It is also proposed by this Bill to re-insert in the recoupment tax legislation a provision removed by the previous Government which authorised the Commissioner of Taxation to report to this Parliament the names of persons who fail to meet their liability for vendors or promoters recoupment tax. The Commissioner is already required to provide in his annual report to Parliament details of breaches or evasions of the taxation laws and it is consistent with that duty that he be authorised, where he considers it appropriate, to report details of failure to pay recoupment tax.

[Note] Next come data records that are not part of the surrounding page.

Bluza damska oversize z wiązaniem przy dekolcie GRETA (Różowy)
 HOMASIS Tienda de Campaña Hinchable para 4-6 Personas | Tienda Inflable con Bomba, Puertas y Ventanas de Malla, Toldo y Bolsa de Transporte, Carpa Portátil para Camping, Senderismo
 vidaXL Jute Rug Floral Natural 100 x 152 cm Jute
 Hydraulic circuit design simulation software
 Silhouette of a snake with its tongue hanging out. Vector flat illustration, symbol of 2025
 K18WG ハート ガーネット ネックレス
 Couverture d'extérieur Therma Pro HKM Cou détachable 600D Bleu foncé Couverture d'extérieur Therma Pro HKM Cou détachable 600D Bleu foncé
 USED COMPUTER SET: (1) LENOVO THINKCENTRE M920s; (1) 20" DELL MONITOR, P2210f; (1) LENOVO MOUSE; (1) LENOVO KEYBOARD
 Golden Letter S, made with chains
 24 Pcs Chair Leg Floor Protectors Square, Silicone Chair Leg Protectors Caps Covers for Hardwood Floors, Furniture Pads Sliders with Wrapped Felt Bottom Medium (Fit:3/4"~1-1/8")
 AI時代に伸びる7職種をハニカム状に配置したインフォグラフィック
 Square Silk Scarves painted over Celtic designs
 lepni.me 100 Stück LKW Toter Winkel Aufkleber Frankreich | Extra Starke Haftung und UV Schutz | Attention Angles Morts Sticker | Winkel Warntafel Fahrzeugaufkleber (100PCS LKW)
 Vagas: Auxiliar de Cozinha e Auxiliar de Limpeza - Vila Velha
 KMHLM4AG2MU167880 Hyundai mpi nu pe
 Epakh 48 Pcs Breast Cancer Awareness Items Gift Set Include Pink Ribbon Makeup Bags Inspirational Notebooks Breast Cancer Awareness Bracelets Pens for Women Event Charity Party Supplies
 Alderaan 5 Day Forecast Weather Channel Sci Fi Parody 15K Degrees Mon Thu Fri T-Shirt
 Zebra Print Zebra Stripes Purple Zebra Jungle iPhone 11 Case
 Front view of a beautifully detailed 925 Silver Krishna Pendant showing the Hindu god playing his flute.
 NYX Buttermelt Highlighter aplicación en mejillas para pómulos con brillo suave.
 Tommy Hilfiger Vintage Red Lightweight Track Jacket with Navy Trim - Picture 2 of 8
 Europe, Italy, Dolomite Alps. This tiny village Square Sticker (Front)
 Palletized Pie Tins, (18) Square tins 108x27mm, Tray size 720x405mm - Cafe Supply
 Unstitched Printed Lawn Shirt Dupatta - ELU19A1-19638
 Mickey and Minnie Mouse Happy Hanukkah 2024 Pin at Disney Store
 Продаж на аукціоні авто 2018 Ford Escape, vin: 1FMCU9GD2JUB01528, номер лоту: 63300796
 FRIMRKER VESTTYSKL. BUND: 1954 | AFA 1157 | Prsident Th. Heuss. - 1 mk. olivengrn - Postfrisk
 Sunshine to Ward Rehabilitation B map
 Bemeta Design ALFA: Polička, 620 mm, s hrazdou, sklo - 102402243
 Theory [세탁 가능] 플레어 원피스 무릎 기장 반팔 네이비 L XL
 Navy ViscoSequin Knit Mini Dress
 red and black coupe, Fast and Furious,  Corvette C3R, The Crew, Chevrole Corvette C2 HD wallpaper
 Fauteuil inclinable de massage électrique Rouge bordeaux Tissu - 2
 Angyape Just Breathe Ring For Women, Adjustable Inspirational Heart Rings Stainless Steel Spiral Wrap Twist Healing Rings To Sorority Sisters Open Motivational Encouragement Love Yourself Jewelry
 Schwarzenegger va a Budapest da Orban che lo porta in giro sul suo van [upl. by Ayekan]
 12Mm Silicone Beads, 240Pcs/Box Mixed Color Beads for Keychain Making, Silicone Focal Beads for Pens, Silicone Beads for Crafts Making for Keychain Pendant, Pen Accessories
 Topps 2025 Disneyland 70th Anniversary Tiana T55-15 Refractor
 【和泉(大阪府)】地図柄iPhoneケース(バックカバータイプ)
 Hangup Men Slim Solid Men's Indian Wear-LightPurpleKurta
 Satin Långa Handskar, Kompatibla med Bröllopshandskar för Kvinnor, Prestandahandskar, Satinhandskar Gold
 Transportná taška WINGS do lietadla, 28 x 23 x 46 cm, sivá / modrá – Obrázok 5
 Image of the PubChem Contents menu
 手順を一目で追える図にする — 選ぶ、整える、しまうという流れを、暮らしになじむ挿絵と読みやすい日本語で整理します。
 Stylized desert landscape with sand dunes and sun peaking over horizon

Finally, I explain an amendment I touched on earlier. An existing provision of the recoupment tax legislation that reflects the settled policy of the tax law in these matters seeks to ensure that persons liable for recoupment tax can contest the correctness of the underlying company assessment only through the established objection and appeal procedures against the company assessment itself. For this purpose it provides that a certificate specifying the amount of a company's liability to company tax is to be conclusive evidence except in an appeal concerning the assessment of the company. Some technical deficiencies in the provision were to be corrected by the Bill that was defeated earlier in the year and the Government has, with an eye to a particular constitutional question , now decided to make some other amendments as well. Honourable members will know that the recoupment tax legislation has been under constitutional challenge on a number of grounds. One of them concerns the evidentiary provision and reflects a legal argument that the Commonwealth cannot validly levy a tax that is uncontestable. It is said that there are circumstances where a certificate that is conclusive evidence would render the tax uncontestable. Obviously it cannot be predicted what decision the High Court will reach on the particular point but the Government has concluded that it should solve the difficulty by legislating so that the certificate represents only prima facie evidence, with the result that the matters that are the subject of it will therefore clearly not be uncontestable. In providing to that effect, the Bill also proposes that such a certificate would, in appropriate circumstances, represent conclusive evidence if a provision in the Bill that re-instates its conclusive nature were to be proclaimed. A decision on whether to make the proclamation, and thus have the provision revert to the conclusive evidence form that is reflective of settled policy, will be made in the light of any High Court decision on the underlying constitutional point.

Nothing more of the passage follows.